A silky dribbler with a mighty left foot, Roberto Rivellino became a football legend playing for Corinthians, Fluminense and the Brazil national team. He was a member of three World Cup squads, including the magical team that in 1970 became world champions in Mexico.  

Born on 1 January 1946 in São Paolo, ‘Riva’ spends his days at his estate some 70km away from the madness of the Brazilian metropolis. He owns a lovely villa with a five-a-side pitch and pool surrounded by a sea of green. His black locks are gone, but he still has his trademark moustache – albeit it is now grey.

Casually dressed in flip-flops and shorts, he leads me to a semi-open leisure area complete with barbecue, bar and pool table. On the walls hang images of his glory days as a player and a shirt signed by Maradona who idolised him as a child. Other than football, his passion is songbirds. He has more than a dozen, which fill the air with their music. 

Roberto, how did it all start for you? 

I have a photo of me kicking a ball when I was about three years old. My mum took it. The funny thing is the way I kick the ball in that photo is the same as I kicked it as a grown-up. Same style. Same kind of movement. I don’t know how to explain. It’s a God-given talent, I guess. As a kid I was always playing on the street. But I also played for two clubs: Banespa, where I played futsal and Indiano, a small club in the south of São Paolo, where I played campo [football]. Life was very different in those days. I just loved playing and never thought about being a professional player. Things just happened naturally. Today, you have parents convinced their three-year-old is the next Ronaldo. 

You always played both indoor and outdoor? 

Always. I used to like outdoor more than indoor, but playing indoor was very important to me, as it gave me close ball control and taught me to think rapidly. Indoor football is so much more dynamic. 

How did you turn professional?

One day a director of Palmeiras saw me play indoor and asked me if I played outdoor as well. There is still this misconception that someone who plays well indoor doesn’t play well outdoor. I remember my dad being around that day. My dad loved me playing, but he didn’t run after me all day. He let me be. He was very proud. And so was I. I’ve never denied I supported Palmeiras at the time. How could I not? My whole family is Italian! 

I was 16 and came to train under Mário Travaglini, who later would become my coach at Fluminense, but who was then in charge of the Palmeiras youth. Having trained twice, I started doing tricks, hoping Travaglini would see me. But he didn’t pay attention at all. The next training he gathered me and some eight others and said, “Guys, no need to change, because you are not going to play today.” Puta merda, I was so pissed off.

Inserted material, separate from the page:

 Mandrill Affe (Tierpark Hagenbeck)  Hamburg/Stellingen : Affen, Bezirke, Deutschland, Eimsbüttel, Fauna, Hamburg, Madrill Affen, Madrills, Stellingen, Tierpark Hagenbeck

I took my bag, walked up to my godfather, who used to take me to the training ground, and told him, “Let’s get out of here, I never asked to play in this shit anyway.” [Laughs] 

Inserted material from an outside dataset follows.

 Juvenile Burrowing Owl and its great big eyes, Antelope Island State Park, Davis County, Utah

So that was the end of Riva at Palmeiras and the beginning of Riva at their arch-rivals Corinthians? 

Yes, as I said, I also played at Indiana. One director knew someone at Corinthians and arranged a try-out. That was in January 1963. By then I still had two games to play. At one of them Travaglini was watching. I played well. After the game he came up to me and asked when I was coming back.  So, I told him, “No, no, no, I’m going to play for Corinthians.” He tried to change my mind. Said he would send a car to pick me up. But I said, “No, no, I am going to play for Corinthians.” [Laughs] 

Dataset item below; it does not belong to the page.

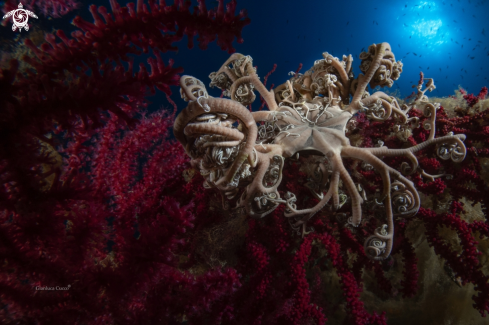 A Astrospartus mediterraneus | Stella Gorgone,Basket star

Thank god, the try-out went well. I had just turned 17. Corinthians opened the door for me. Every day I would wake up at five in the morning to take a bus to the city centre, where I would take another bus to get to the Parque São Jorge. A journey of more than an hour. But I loved it. To me it was an adventure. Today Corinthians is the club I love. It is my second home.

Who was your idol as a teenager? 

Luizinho – an attacking midfielder who played over 600 games for Corinthians. He was very small. His nickname was Pequeno Polegar (Tom Thumb). He was incredible. A great dribbler. A genius. I used to watch his tricks and try to imitate them. At the end of his career, I once had the pleasure of playing with him. I came on as a substitute for him. That was very special.

You are known as the inventor of the elastico or flipflap. Was Luizinho the one who inspired you? 

I am not really the inventor. Luizinho inspired me. But the first player to do the elastico was a Japanese kid, Sergio Echigo, whom I played with in the Corinthians youth team. He showed me. I only perfected the move. And became famous for it.

What happened to him? 

He played a couple of games for Corinthians, but did not quite make it. He then played for some smaller clubs in Brazil before playing in Japan. 

You made your senior debut for Corinthians at 19 and went on to play for the club for nine years, scoring 144 goals in 474 games. But this was not the most successful era in the club’s history. Your time at the club was part of a 25-year title-less streak. How come?   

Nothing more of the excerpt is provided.